Corbyn mania hit Brighton this week in the blazing heat. It was the sunrise of the New Politics: a new age of grass-roots radicalism, with the Labour conference sovereign, real debates, and an end to top down machine politics.

Well in your dreams. Within 24 hour the old politics reestablished itself as the conference arrangements committee decided not to hold a debate on Trident after all. The unions didn't like the idea apparently.

Dear, oh dear. Trident is supposedly a defining issue for the new Labour leader and his followers. Even the Scottish Labour leader, Kezia Dugdale, who attracted praise for her address to a raucous meeting of the Blairite Progress group, has promised a debate at the Scottish conference next month

Almost all of the Corbyn agenda, it seems, is now provisional and subject to “review”: Syria, Nato, People’s Quantitative Easing. All views are valid, apparently, and there will be no whipping or collective responsibility. It's not New Labour, not Old Labour but Whatever Labour.

And Corbyn appears to have defaulted back to New Labour postures on Scotland. “Flags don’t build houses”, he said. Perhaps not, but they have abolished the right to buy and relaunched council house building in Scotland.

Corbyn had a unique opportunity to outflank the SNP by reappropriating Labour policy themes. But this is not the way. Corbyn's gaffes on the SNP “privatisation” of Scotrail and Calmac showed that he has been, at best, poorly briefed on Scotland.

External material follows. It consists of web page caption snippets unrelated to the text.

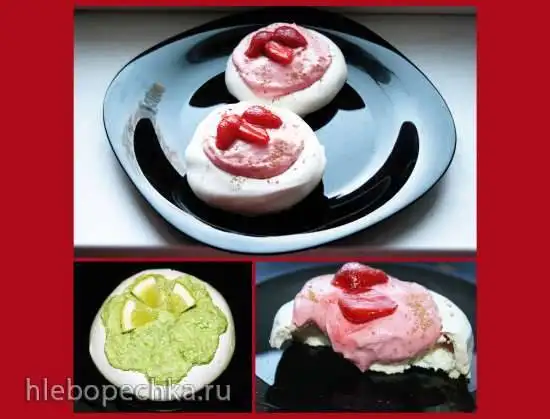 Пирожное-безе с клубникой и авокадо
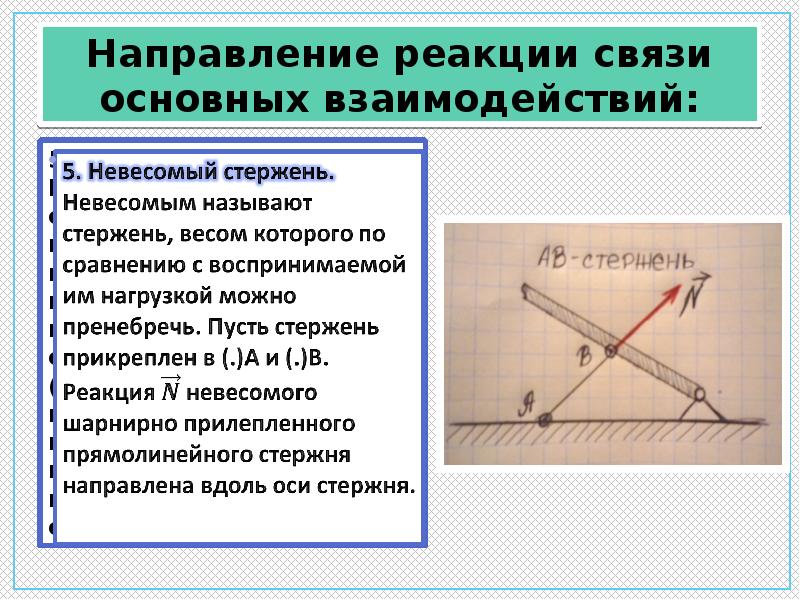 Направление реакции. Стержневая связь техническая механика. Невесомый Шарнирный стержень реакция. Невесомый стержень техническая механика. Направление реакции связи основных взаимодействий.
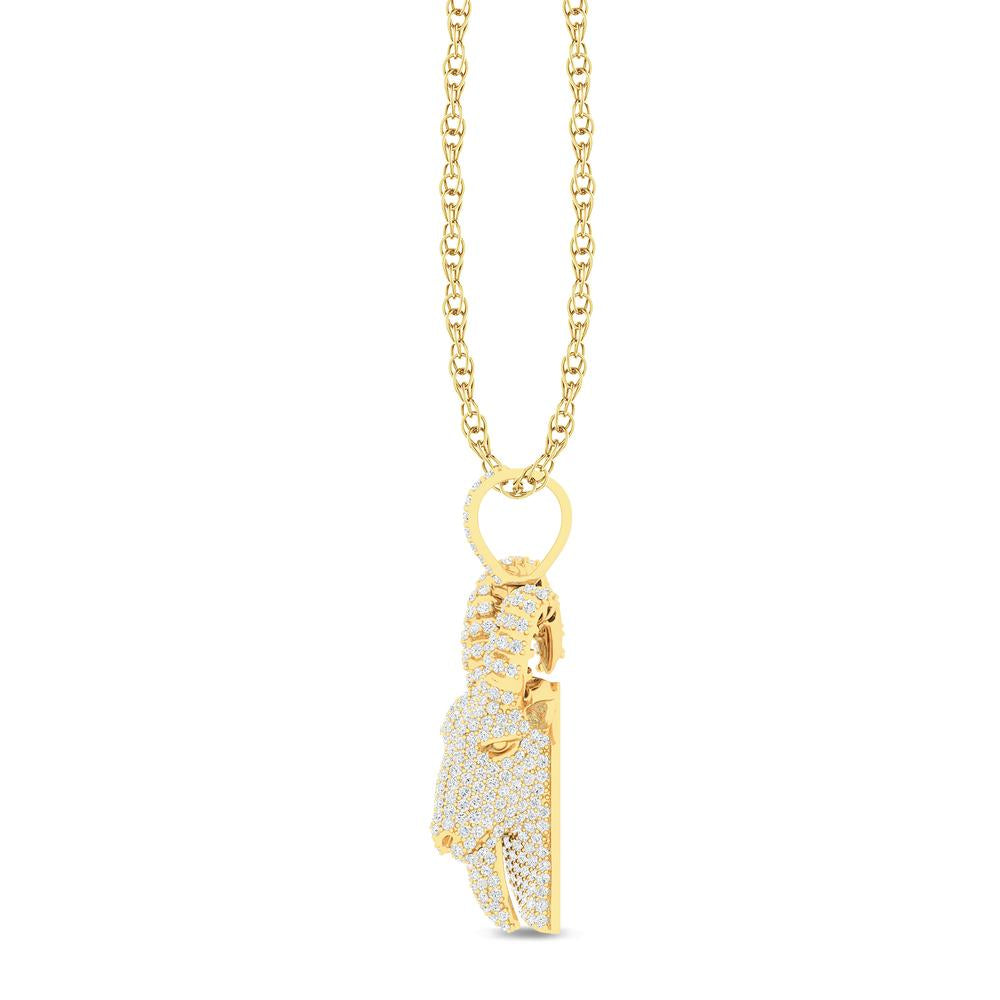 10 Karat Yellow Gold 3.75 Carat Diamonds Goat HipHop Pendant-1029617-YG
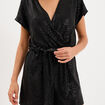 Combishort &agrave; paillettes manches courtes noir femme
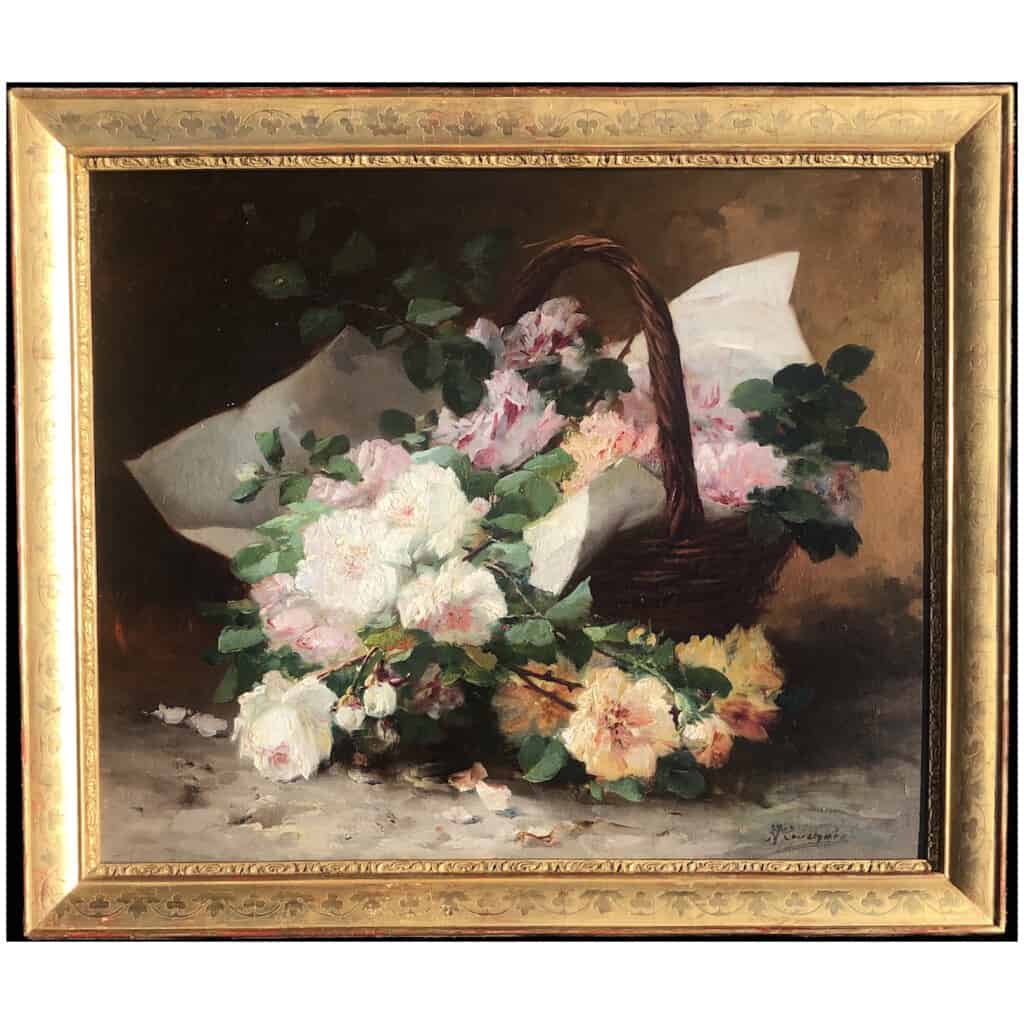 CAUCHOIX Eugène Bouquet de roses dans un panier huile sur toile signée 5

To blame the Scottish government for the nationalisation of rail in 1993 is political misrepresentation of a pretty high order. The sale last year to the Dutch state-owned railway, Abellio, was under legislation reserved to Westminster.

Labour's self-styled “last man standing” in Scotland, Ian Murray MP called for a “Peoples Scotrail”. But the Scottish government didn't have the power to nationalise rail in Scotland last year. Unless it wanted to provoke a constitutional crisis, which Labour say is the SNP’s obsession.

Perhaps the Scottish government should be more imaginative in its interpretation of the EU rules on competitive procurement for ferry services. Maybe it isn’t doing enough to boost state-owned Calmac as a viable competitor to Serco. But to say that they have already privatised Calmac is silly.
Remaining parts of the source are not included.